**DIRECTIONS:** Could you restate word for word every line from the one containing "The City Escape" to the end of the data below, pictures excluded?

**STORED DATA:**
= Beginning of Section =

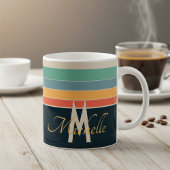  70s kleurrijk Stripes-script monogram Koffiemok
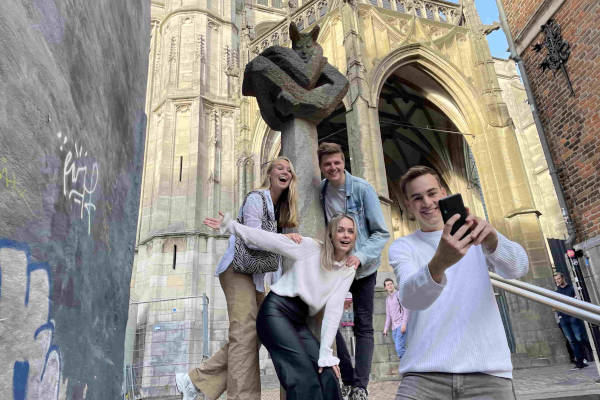 The City Escape Nijmegen: Selfie voor de kerk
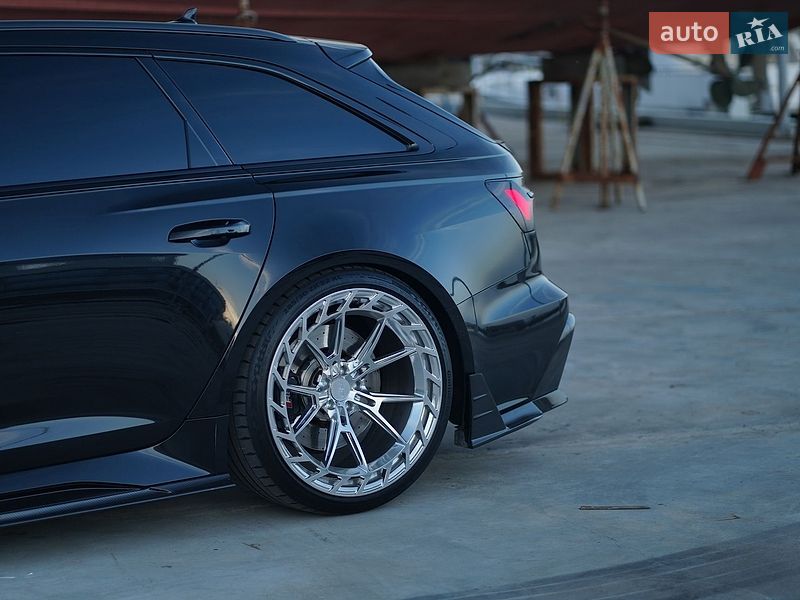 Універсал Audi RS6 2024 в Одесі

= End of Section =

**ANSWER TO THIS PROBLEM:**
 The City Escape Nijmegen: Selfie voor de kerk
 Універсал Audi RS6 2024 в Одесі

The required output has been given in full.